Re: PITR Functional Design v2 for 7.5 - Mailing list pgsql-hackers

From Simon Riggs
Subject Re: PITR Functional Design v2 for 7.5
Date
Msg-id 006301c4081f$457d8980$509d87d9@LaptopDellXP
Whole thread Raw
In response to Re: PITR Functional Design v2 for 7.5  (Hannu Krosing <hannu@tm.ee>)
List pgsql-hackers
>Hannu Krosing
> Josh Berkus kirjutas T, 09.03.2004 kell 19:46:
> > In my personal experience, the *primary* use of PITR is recovery
from
> User
> > Error.   For example, with one SQL Server 7.0 installation for a law
> firm,
> > I've made use of PITR 4 times over the last 4 years: once was
because
> and HDD
> > failed, the other three were all becuase of IT dept. staff running
> > unconstrained UPDATE queries against the back end.   For recovery
with
> > minimal loss of data, there are existing solutions, such as
replication
> > servers, in addition to PITR; for recovery from User Error, only
PITR
> will
> > suffice.
> 
> Actually PostgreSQL used to have very good support for this until some
> time in Postgres95 development by supporting additional temporal
> qualifiers for queries. I.e. one could ask for 'SELECT SALARY FROM
> EMPLOYEES AS IT WAS AT YESTERDAY NOON' (the syntax was not exacly this
> :)

Shame we can't run cc -as was 4 years ago.
Or even better cc -as will be in 3 weeks; that would save me loads :)
!!

> It was a very simple and logical result of PostgreSQL's MVCC storage
and
> was supported by VACUUM allowing dropping only deleted tuples older
than
> some specified time.
> 
> Oracle has recently added something similar (using their WAL's) to
ver.
> 9.0 or 10.x of their DBMS exactly for recovery from user errors.
> 
> The support for this was dropped from postgreSQL citing performance
> reasons at that time, but I still hope that it can restored some time.

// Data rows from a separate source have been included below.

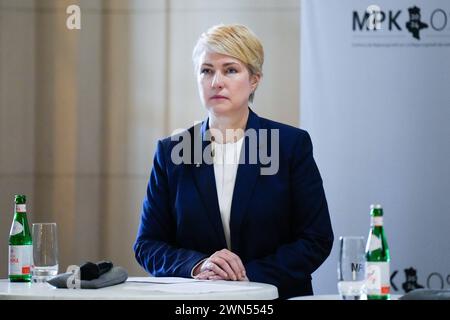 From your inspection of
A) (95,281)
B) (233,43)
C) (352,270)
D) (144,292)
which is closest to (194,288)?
(144,292)

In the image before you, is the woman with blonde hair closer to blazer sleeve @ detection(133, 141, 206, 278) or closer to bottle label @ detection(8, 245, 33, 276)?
blazer sleeve @ detection(133, 141, 206, 278)

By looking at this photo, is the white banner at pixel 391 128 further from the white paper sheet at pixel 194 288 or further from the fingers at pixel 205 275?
the white paper sheet at pixel 194 288

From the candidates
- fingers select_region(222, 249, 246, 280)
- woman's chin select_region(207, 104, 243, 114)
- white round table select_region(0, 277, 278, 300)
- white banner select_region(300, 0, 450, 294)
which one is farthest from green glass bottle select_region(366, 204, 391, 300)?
white banner select_region(300, 0, 450, 294)

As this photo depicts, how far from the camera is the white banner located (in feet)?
12.9

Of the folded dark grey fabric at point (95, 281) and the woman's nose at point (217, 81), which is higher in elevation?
the woman's nose at point (217, 81)

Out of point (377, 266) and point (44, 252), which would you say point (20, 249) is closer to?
→ point (44, 252)

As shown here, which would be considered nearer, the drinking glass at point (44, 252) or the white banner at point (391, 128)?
the drinking glass at point (44, 252)

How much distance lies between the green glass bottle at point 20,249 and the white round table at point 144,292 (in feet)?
0.44

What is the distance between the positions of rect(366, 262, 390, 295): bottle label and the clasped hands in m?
0.60

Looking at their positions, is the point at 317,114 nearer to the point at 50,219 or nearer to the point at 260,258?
the point at 260,258

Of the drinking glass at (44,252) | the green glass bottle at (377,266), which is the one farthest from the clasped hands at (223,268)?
the green glass bottle at (377,266)

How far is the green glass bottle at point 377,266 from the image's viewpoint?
214 centimetres

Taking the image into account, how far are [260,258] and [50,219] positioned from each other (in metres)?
2.01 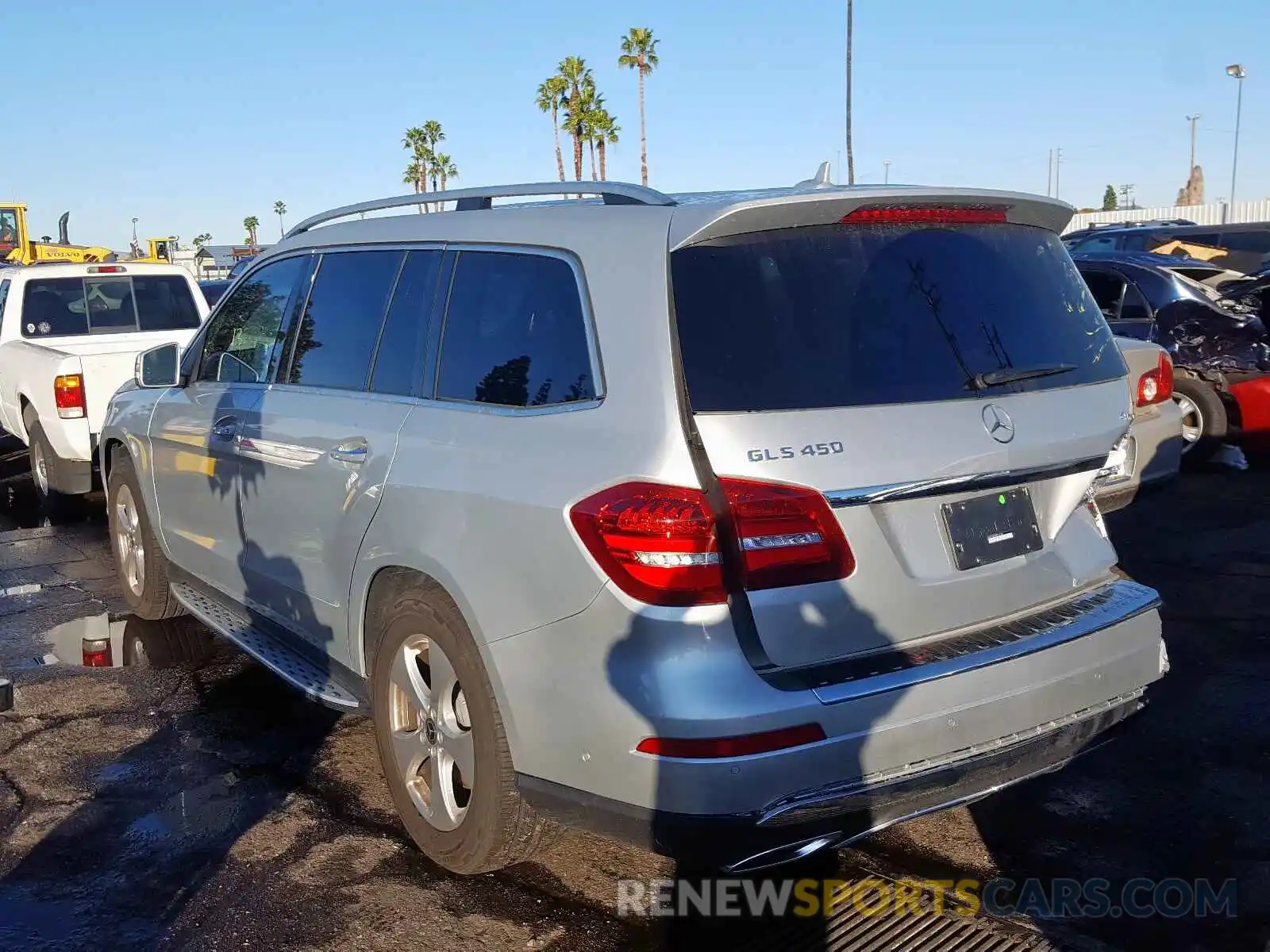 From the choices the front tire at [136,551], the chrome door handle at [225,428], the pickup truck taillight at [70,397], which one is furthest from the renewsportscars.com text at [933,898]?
the pickup truck taillight at [70,397]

Flashback query is a new feature in Oracle 9i. I believe it is regarded
with some horror by the DBA community...

I get your idea though, though I think it is a different thing.

PITR is about the avoidance of risk, not really about fixing any
particular classes of problem. If you have PITR you can recover from
"all" problems, frequent or not, depending upon how carefully and for
how long you protect your backups.

Reading old MVCC copies won't take that away, though is a feature that
would be useful within a particular time window. It's also hard to tell
whether VACUUM has been run, and if so on which tables, since that will
also change the answer you get from those MVCC-usage type queries. 

Oracle recognise this also. Flashback hasn't replaced backup/restore.
Neither has it prevented them from enhancing log miner.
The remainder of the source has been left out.